◆ Task ◆
For this task, copy all of the data below exactly and skip the pictures.

◆ Data provided ◆
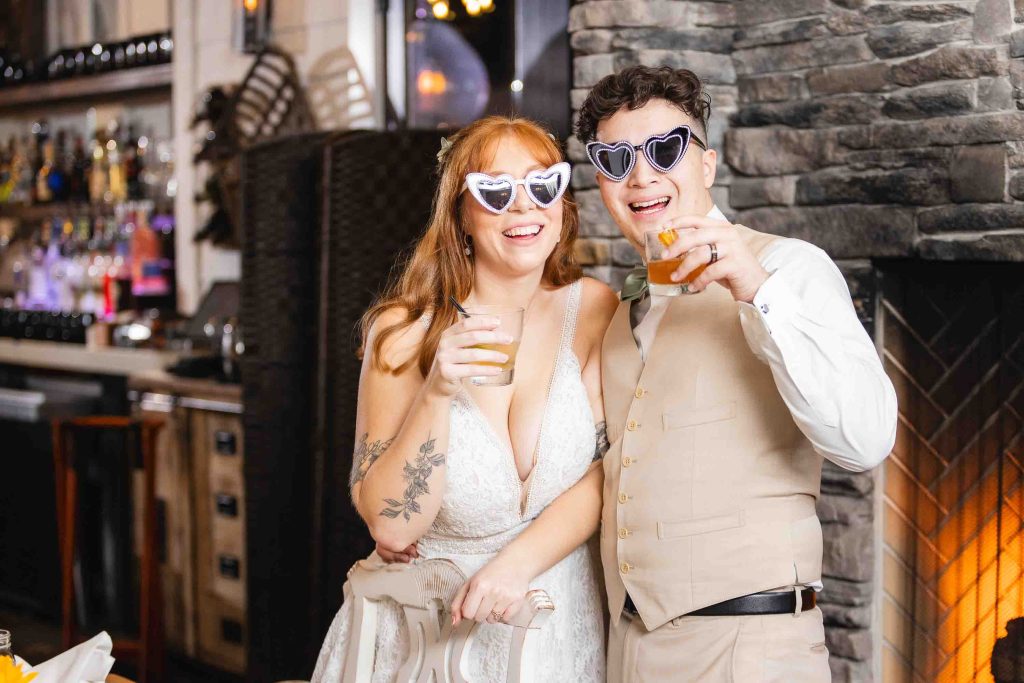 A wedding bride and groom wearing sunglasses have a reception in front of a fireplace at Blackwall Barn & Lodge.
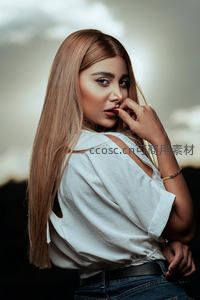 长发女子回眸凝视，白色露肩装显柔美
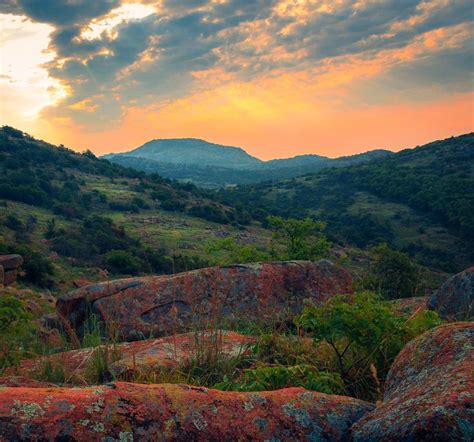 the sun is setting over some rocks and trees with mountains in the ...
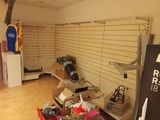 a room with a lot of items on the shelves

◆ Answer ◆
 A wedding bride and groom wearing sunglasses have a reception in front of a fireplace at Blackwall Barn & Lodge.
 长发女子回眸凝视，白色露肩装显柔美
 the sun is setting over some rocks and trees with mountains in the ...
 a room with a lot of items on the shelves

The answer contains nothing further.